▸ Problem requirements
Copy out each line containing "featuring" from the entries below.

(Source data)
══════

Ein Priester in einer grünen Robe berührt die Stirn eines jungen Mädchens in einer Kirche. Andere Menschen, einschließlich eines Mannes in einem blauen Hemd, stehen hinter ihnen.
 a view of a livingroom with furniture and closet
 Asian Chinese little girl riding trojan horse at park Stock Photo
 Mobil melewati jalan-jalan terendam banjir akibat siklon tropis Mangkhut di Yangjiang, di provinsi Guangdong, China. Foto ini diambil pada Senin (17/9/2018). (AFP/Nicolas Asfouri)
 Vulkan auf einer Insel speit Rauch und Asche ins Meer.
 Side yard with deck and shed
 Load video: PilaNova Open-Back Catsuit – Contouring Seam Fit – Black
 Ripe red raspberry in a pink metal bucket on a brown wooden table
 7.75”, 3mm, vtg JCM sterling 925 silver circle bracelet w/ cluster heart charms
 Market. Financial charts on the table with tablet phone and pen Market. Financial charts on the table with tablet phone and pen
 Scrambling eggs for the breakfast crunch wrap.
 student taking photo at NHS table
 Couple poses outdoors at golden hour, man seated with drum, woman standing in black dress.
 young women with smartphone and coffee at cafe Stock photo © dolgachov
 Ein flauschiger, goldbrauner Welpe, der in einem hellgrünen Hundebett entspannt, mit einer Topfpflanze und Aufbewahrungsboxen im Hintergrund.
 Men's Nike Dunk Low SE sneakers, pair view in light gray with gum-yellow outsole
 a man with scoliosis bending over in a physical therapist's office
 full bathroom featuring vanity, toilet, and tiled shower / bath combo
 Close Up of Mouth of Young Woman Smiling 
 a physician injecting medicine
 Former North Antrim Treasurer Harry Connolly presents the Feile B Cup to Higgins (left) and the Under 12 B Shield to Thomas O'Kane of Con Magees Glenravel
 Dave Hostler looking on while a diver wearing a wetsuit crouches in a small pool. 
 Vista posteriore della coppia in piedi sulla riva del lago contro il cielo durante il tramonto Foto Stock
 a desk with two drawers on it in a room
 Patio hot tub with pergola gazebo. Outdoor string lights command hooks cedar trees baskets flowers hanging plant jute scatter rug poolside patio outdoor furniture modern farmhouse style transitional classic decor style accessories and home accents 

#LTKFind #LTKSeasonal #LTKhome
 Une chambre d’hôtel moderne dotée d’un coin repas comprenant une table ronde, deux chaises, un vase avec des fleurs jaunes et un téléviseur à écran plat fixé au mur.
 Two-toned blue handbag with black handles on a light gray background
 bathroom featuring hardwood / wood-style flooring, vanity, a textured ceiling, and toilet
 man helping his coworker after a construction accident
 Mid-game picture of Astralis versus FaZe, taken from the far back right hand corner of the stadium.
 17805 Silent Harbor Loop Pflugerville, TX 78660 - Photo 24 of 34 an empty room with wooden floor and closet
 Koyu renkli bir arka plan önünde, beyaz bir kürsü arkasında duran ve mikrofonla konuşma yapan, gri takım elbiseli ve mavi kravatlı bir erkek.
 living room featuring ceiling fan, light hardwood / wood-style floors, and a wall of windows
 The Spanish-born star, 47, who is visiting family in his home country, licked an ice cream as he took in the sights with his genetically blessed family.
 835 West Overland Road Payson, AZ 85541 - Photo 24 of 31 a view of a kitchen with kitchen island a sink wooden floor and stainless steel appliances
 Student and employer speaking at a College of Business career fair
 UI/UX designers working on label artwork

══════

▸ Solved problem
 full bathroom featuring vanity, toilet, and tiled shower / bath combo
 bathroom featuring hardwood / wood-style flooring, vanity, a textured ceiling, and toilet
 living room featuring ceiling fan, light hardwood / wood-style floors, and a wall of windows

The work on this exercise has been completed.